Kiedy lepiej uważać?
Estoński CIT to nie jest magiczna formuła na „brak podatku”. I nie warto dać się zwieść prostocie zasad. Nie opłaca się spółkom, które:
- mają luźną politykę wydatkową – samochody użytkowane prywatnie, prezenty, wydatki reprezentacyjne? Fiskus to widzi;
- regularnie wypłacają zyski – wtedy odroczony podatek wraca do gry i może być nawet wyższy;
- nie spełniają warunków formalnych (np. struktura udziałowa, zatrudnienie);
- są częścią skomplikowanych holdingów, z transakcjami wewnątrzgrupowymi lub przychodami pasywnymi (np. z najmu, licencji) powyżej 50%.
Efektywne opodatkowanie:
Efektywne opodatkowanie (czyli łączne obciążenie z tytułu podatku CIT i PIT) w estońskim CIT zależy od wielkości spółki. Dla małego podatnika (czyli spółki, której przychody w poprzednim roku podatkowym nie przekroczyły 2 mln euro) łączna efektywna stawka podatkowa wynosi 20%. Natomiast dla dużego podatnika (czyli przekraczającego ten próg) efektywne opodatkowanie wynosi 25%.

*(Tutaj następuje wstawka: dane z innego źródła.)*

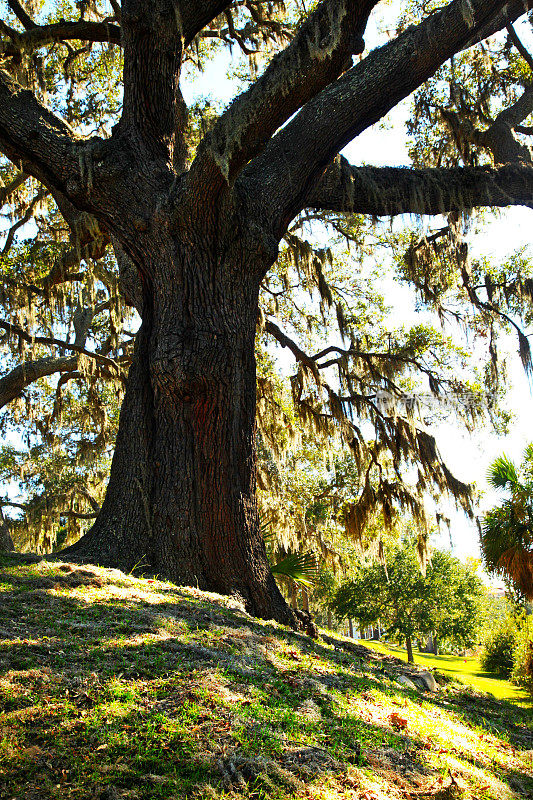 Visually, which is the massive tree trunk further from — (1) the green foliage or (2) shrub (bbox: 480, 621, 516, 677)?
(1) the green foliage

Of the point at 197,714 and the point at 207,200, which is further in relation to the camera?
the point at 207,200

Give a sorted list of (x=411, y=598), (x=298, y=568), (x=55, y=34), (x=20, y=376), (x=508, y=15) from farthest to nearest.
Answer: (x=411, y=598) → (x=20, y=376) → (x=298, y=568) → (x=55, y=34) → (x=508, y=15)

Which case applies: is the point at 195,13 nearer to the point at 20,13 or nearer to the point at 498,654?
the point at 20,13

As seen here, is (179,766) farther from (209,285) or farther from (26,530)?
(26,530)

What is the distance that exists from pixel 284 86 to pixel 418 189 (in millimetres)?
2559

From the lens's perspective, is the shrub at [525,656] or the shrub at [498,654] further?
the shrub at [498,654]

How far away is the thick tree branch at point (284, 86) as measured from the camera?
4.67 metres

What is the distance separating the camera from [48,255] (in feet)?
27.7

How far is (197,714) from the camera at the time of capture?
258 centimetres

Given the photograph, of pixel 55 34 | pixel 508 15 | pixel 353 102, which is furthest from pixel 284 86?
pixel 55 34

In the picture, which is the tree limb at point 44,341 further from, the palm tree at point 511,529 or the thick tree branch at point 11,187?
the palm tree at point 511,529

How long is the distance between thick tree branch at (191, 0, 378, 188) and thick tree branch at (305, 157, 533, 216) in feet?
5.50

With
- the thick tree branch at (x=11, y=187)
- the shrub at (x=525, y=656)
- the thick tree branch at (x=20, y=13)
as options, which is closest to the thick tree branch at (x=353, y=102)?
the thick tree branch at (x=20, y=13)

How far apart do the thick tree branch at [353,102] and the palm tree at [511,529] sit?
631 cm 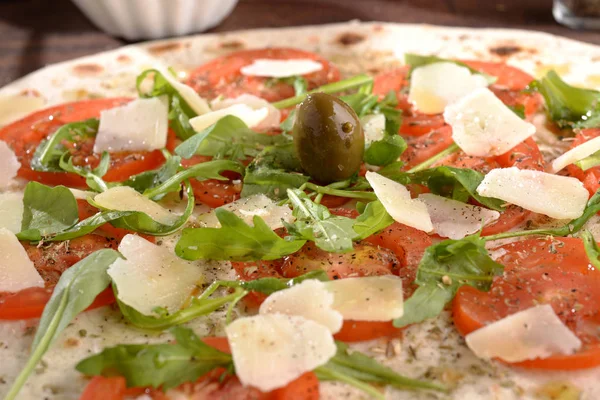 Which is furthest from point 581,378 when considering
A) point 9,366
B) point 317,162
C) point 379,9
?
point 379,9

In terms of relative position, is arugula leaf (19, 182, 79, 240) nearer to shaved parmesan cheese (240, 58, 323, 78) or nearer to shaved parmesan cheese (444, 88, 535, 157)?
shaved parmesan cheese (240, 58, 323, 78)

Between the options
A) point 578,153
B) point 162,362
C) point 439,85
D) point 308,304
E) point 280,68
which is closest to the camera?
point 162,362

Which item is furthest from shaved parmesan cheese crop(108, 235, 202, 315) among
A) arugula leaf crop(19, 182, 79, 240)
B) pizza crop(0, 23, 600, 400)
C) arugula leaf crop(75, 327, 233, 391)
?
arugula leaf crop(19, 182, 79, 240)

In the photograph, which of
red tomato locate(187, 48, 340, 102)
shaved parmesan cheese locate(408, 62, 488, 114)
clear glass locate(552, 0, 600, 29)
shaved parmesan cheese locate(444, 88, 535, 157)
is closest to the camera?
shaved parmesan cheese locate(444, 88, 535, 157)

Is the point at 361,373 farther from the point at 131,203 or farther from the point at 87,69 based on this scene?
the point at 87,69

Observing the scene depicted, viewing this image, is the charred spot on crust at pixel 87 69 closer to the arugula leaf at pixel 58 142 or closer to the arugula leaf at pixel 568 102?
the arugula leaf at pixel 58 142

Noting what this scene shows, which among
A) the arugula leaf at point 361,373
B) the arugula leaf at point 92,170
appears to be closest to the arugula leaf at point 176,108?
the arugula leaf at point 92,170

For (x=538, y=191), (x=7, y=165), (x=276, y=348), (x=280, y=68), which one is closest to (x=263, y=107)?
(x=280, y=68) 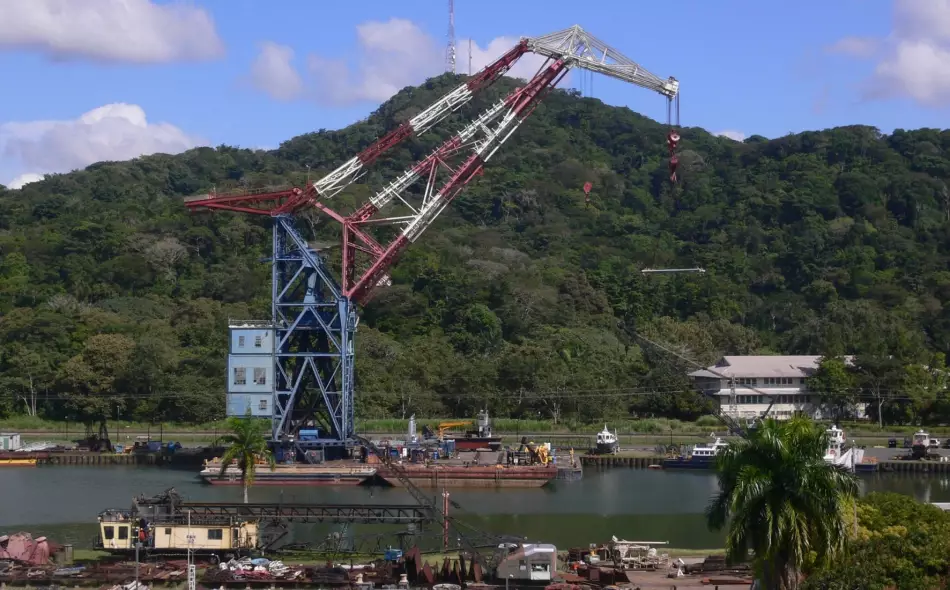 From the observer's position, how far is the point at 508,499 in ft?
143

Dla porównania – przy klasycznym modelu opodatkowania CIT + PIT, efektywne obciążenie dla małego podatnika wynosi 26,29%, a dla dużego podatnika aż 34,39%.
Oznacza to, że estoński CIT – szczególnie dla małych podatników – pozwala znacząco obniżyć łączne opodatkowanie wypłacanych zysków.
Jak to możliwe? Dzięki odliczeniu części podatku zapłaconego przez spółkę od PIT wspólnika. Ale tylko wtedy, gdy wypłacona dywidenda jest legalna, udokumentowana i nie stanowi ukrytego zysku.
Ukryty zysk – najczęstsza mina !!!
To największy wróg estońskiego CIT. Fiskus uznaje za ukryty zysk np.:
- pożyczki dla wspólników;
- prezenty, darowizny, wydatki reprezentacyjne;
- zawyżone ceny usług lub transakcji;
- świadczenia na rzecz fundacji rodzinnych lub powierniczych.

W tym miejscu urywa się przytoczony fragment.